Back Up Flights for a Small Fee

Gridskipper reports that American Airlines has announced a sideline service that allows you to hedge your bet on booking a flight.


Flights: Airfare Backups
American Airlines is now offering an innaresting new sideline service. For a $25 fee, you may reserve another seat within three hours of any fare you've already purchased. This gives you the flexibility to depart earlier or later than originally planned without having to pay the higher change fees, and it also gives you leverage in case of flight cancellations or overbookings during high-traffic periods. Seems like a no-brainer in retrospect, and should provide a tidy little extra revenue stream for the airline.

I’m really trying to figure out who thought this was a good idea, and how it’s going to help travelers. Can it be that I’m the only one thinking this is going to exacerbate an already difficult situation?

The number of available fares on any one particular flight is already cumbersome and difficult to understand. Are you ever able to book that super low fare when you really want to travel? It seems like every person pays a different price for their ticket.

The information about the program said that the service is available on all fares, if there are eligible seats on the flight. So I guest the first question is just how many of these sideline fares are going to be available on any given flight?
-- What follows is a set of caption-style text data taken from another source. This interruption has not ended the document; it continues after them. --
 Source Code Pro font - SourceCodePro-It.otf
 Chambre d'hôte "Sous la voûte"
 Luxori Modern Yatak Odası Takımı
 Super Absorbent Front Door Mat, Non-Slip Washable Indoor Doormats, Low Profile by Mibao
And what is this going to do to the practice of overbooking? If you are reserving a seat on three different flights (the one you want to travel on, one three hours earlier, and one three hours later), you are taking at least two seats out of inventory that are never going to be used. Those are two seats that someone else could be purchasing at a reasonable cost. Now that the limited inventory is all that is available, the pricing goes up. The basic laws of supply and demand at work in the airline industry, but in this case, it’s an artificial inventory level.

And isn’t overbooking what leads to all the problems with getting on your originally scheduled flight during peak travel times anyway? So the airlines will charge you a little extra so that they can continue to cause problems for you anyway.
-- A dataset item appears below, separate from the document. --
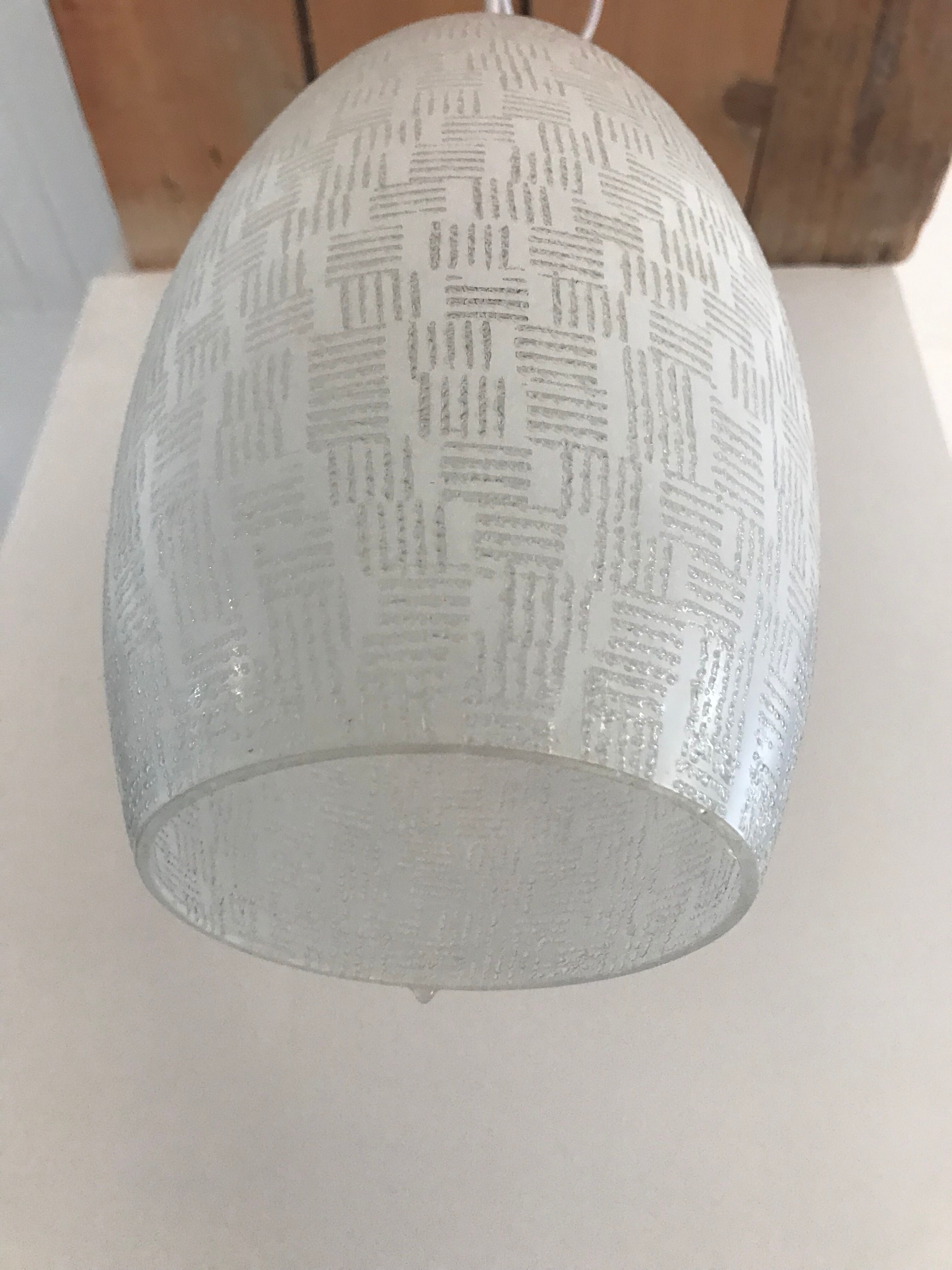 Opaline chandelier from the 70s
I know that airlines are looking at creative ways to increase their revenue without raising ticket prices. While being upfront and raising fares $5 or $10 may be difficult, at least it’s honest. This backdoor way of increasing ticket prices (by artificially decreasing inventory of low-priced seats) just seems dishonest.



3 comments:

Anonymous said...

You are right. This will certainly add to the problem of overbooking flights. I don't see any way around it. As a consumer though, it seems like I could book a discount fare on a non-peak flight and then purchase the $25 "hedge" to get a seat on a peak time flight. Hmmm...?

Fly Girl said...

As a consumer, IF you could book a discount fare and then hedge it to a peak time, it might seem like a good deal. BUT -- do you really think you are going to be able to do that? I'm thinking --- NO!

What I see happening is there being lots of hedge seats available on lesser booked flights as a way of moving travelers onto those flights.

While that might not necessarily be bad, it just seems this whole approach is to see you nothing for something.

Why not just run the airline on a solid business model.

Anonymous said...

Geeze! That sounds like every (airline employee) commuter's nightmare! Even if the flight looks open, it could fill up :P

I think american carriers should just dump the advance purchase, Sat. night stay and other pricing bullsh*t and adopt an LLC fare structure like Air Canada did.